Protection for Unit-linked Policyholders Pushed
The Financial Services Authority (FSA) has proposed rules to maintain protection of policyholders with unit linked and index-linked life insurance products while taking account of new European requirements for insurers.
The figures for the size of the market are derived from SynThesis Life 2010.
Unit-linked policies are used within individual pensions, endowments, investment bonds and whole of life insurance policies. They are also used as investments for both defined contribution (DC) and defined benefit (DB) occupational pensions. Recent figures show that the UK unit-linked long-term life sector has assets of £815 billion under management and a further £24 billion in index-linked policies.
The benefits unit-linked policies pay are directly linked to the value of the assets underlying them. In the same way, index-linked policies pay benefits that are based on the index, such as the FTSE 100 or the retail prices index (RPI) to which they are linked. So the policyholder or beneficiary of the unit or index-linked plan sees the expected value of his or her pay-out fluctuate depending on the value of the underlying assets or indices.
New EU solvency requirements for insurers in the Solvency II directive will come into effect in 2013/14. Among its requirements are new high-level principles around how insurers’ assets, including unit-linked and index-linked funds, must be managed. This replaces the current FSA approach which lists the particular assets insurers can use.
However, where individuals bear the direct risk of investing in unit-linked and index-linked policies, Solvency II allows the FSA to continue to specify which assets can be used for such policies.

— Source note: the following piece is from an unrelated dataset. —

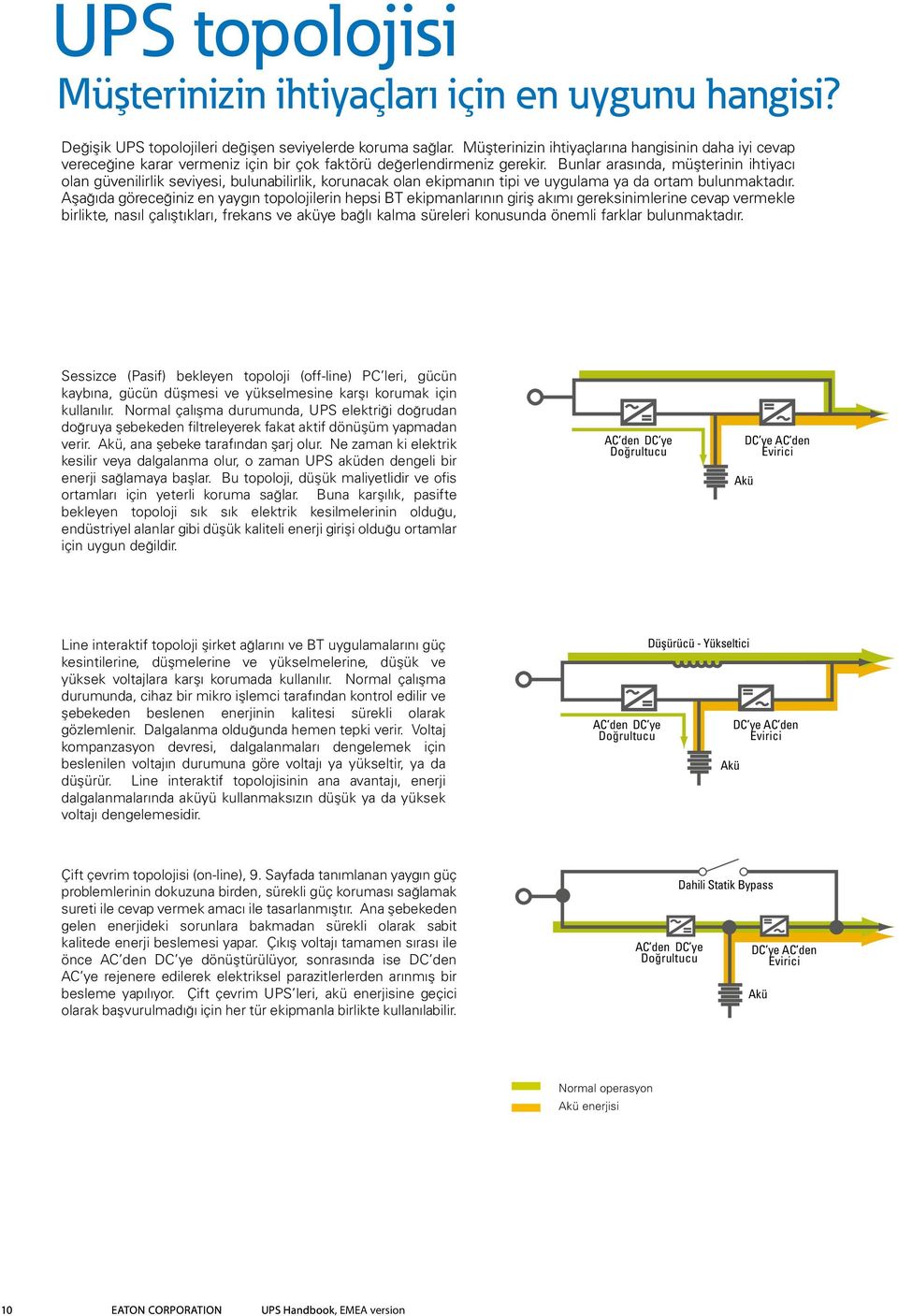 Bunlar arasında, müşterinin ihtiyacı olan güvenilirlik seviyesi, bulunabilirlik, korunacak olan ekipmanın tipi ve uygulama ya da ortam bulunmaktadır.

The current ‘permitted links’ rules allow insurers to invest in a range of financial assets such as share, bonds, cash, deposits, collective investment schemes and property. Derivatives based on those assets can be used for certain purposes.
Defined benefit (DB) pension schemes will not be restricted to the proposed list of assets in the CP. Unlike DC schemes, in DB schemes the members, who are the ultimate beneficiaries, do not bear the direct investment risk.
Although policies taken out to support DB scheme benefits will not be limited to a set list of assets, they will still have to comply fully with the new strengthened high level principles on how assets must be managed.
Solvency II allows such a list to be maintained but it cannot be more restrictive than the list of assets allowed for UCITS funds. In order to comply with this requirement the FSA also proposes to permit the use of some indices based on non-financial assets as well as adding a new definition of ‘money market instruments’.
The proposed new rules will largely continue the existing FSA requirements, but will expand them to permit investment in some indices-based investments and bonds.
The FSA will implement high-level requirements from Solvency II that strengthen the current rules saying insurers should only invest in assets that they can properly value and monitor.
Sheila Nicoll, director of policy, said: “Millions of people rely on unit-linked policies to keep them secure in their retirement. While regulation cannot protect policyholders from market movements, these rules are designed to ensure that they can be confident that their money is being invested prudently.”
The FSA has also published a consultation paper setting out proposed Handbook changes to transpose the prudential aspects of the Solvency II directive into FSA rules.